The Politically Incorrect Mom

THE OPINIONATED RANTINGS OF A CONSERVATIVE MOM

Monday, December 18, 2006

A Girl's Gotta Dance...

Dreams are great. Do you remember what you wanted to be when you grew up? I do. I have a good life, but I'm not living my dream. My "dream" just wasn't in the cards - nobody's fault...just not as fate would have it.

I just spent the weekend with my girls in New York City and found myself discussing what they see for their futures. I couldn't help noticing how much they're like I was at their ages and how different their own dreams are from what I wish for them. It's not always easy, but I do my best not to ever discourage them, even when their dreams seem a tad on the unrealistic side...and scare the heck out of me.

It doesn't hurt that we were in what I've found to be one of the most magical cities in the country. Every time I visit, I wonder how the people of New York get such a bad rap. Ok, ok...put them in a car and they're maniacs....but otherwise - New York City has some of the most wonderful people on the planet living in it and if you're looking for something great to do during the holidays...or any time of year, really...you should consider New York. You'll never be sorry you did.


As my daughters discussed how they both want to move to NYC and pursue completely different career paths, which of course include living brilliant, glamorous lives... I wondered how many times they would change their minds before they actually reached their goals and I thought, "what a wonderful, terrifying dream". But I never said it out loud.

It was friends of my parents who first took me to New York City when I was 11 years old. My parents were wildly opposed to any of their children ever setting foot in the city of sin. Seems they lived there early in their marriage (long before I came along) and according to them - Satan himself lives there.

I was terrified when I arrived (remembering all the horror stories my parents told me about the filth and crime I could expect). Before long, however, I found myself at awe that I hadn't contracted some terrible disease or been mugged in the first 15 minutes and that what I was seeing/experiencing was actually quite wonderful.

During my first trip I visited China Town, went to the top of the Empire State Building and then visited a place that I thought about every single day for the next several years... Radio City Music Hall.

I will never forget the way I felt - sitting in the very center of the orchestra level at a summer matinee. I never wanted that show to end and when it did...I decided right then and there....if I never did anything else, I had to be a Rockette (go ahead...laugh...)


I went home with my Rockettes poster and hung it on the wall next to my bed. When I told my mother and sisters about my career plans, they (in typical form) mocked me and reduced me to tears, but that didn't deter me from dreaming about my future as a Radio City Rockette. I remember thinking....if I have to hitch hike to New York City the day I graduate from high school....I will be a Rockette. And so it went for the next 4 and a half years. All I dreamed of was getting out of smalltown USA and finding my niche as a high-kicking glamour girl with feathers on her head. Of course I stopped telling people about it in order to avoid being humiliated, but I practiced daily (I was a gymnast, not a dancer) and eventually taught myself to kick my own nose.

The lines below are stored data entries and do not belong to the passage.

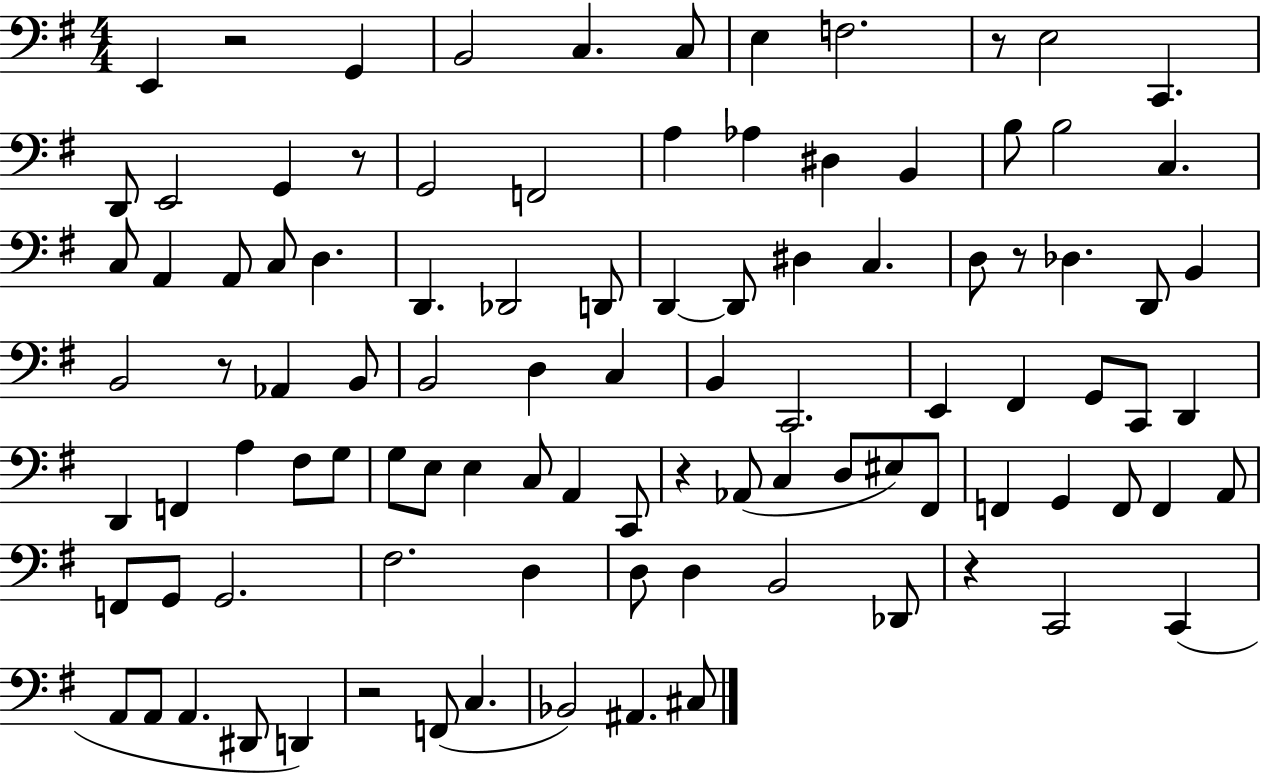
X:1
T:Untitled
M:4/4
L:1/4
K:G
E,, z2 G,, B,,2 C, C,/2 E, F,2 z/2 E,2 C,, D,,/2 E,,2 G,, z/2 G,,2 F,,2 A, _A, ^D, B,, B,/2 B,2 C, C,/2 A,, A,,/2 C,/2 D, D,, _D,,2 D,,/2 D,, D,,/2 ^D, C, D,/2 z/2 _D, D,,/2 B,, B,,2 z/2 _A,, B,,/2 B,,2 D, C, B,, C,,2 E,, ^F,, G,,/2 C,,/2 D,, D,, F,, A, ^F,/2 G,/2 G,/2 E,/2 E, C,/2 A,, C,,/2 z _A,,/2 C, D,/2 ^E,/2 ^F,,/2 F,, G,, F,,/2 F,, A,,/2 F,,/2 G,,/2 G,,2 ^F,2 D, D,/2 D, B,,2 _D,,/2 z C,,2 C,, A,,/2 A,,/2 A,, ^D,,/2 D,, z2 F,,/2 C, _B,,2 ^A,, ^C,/2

And then....it happened. The day my dreams were crushed...

I was in grade 10. I waited in line for my cheerleading physical (this was back in the days when the doctor came to the school and performed physicals on-site and free of charge for anyone involved in a sport). When it was my turn, Dr. George (a gnarly old guy who scared the b-jesus out of me) said the words that changed my life. After taking a number of measurements, he said,




"You're 5'4" and that's all the taller you're going to get".


"What??? NO!!! That can't be! Measure again! How do you know I'm finished growing??? I could grow some more, right? Right? Right????"

Sadly, scary old Dr. George was correct. Well, for the most part. I did manage to put on another half inch over the next few years, but I was never to be the minimum 5 feet 6 inches required to be a Rockette. I was devastated.

Yeah - go ahead and laugh. It was pretty daggone real to me.

So, what's my rant? Just this...

Let your kids dream. If your kid says he/she wants to be a prima ballerina...an astronaut...a race car driver...or a brain surgeon...tell them they can do anything they want. As Nationwide says..."Life comes at you fast." If their dreams are silly - let them figure it out on their own. Soon enough they'll be going to college, talking about marriage, mortgages and children of their own. Maybe they'll go into the family business...but maybe...just maybe...they'll get to do what THEY love. Not everybody gets to do that, but those who are discouraged from their dreams seldom do.

Oh, and one more thing. If your daughter comes home and says she wants to be a Rockette...for God's sake - give the kid growth hormones!!!!

What do you want to be when you grow up?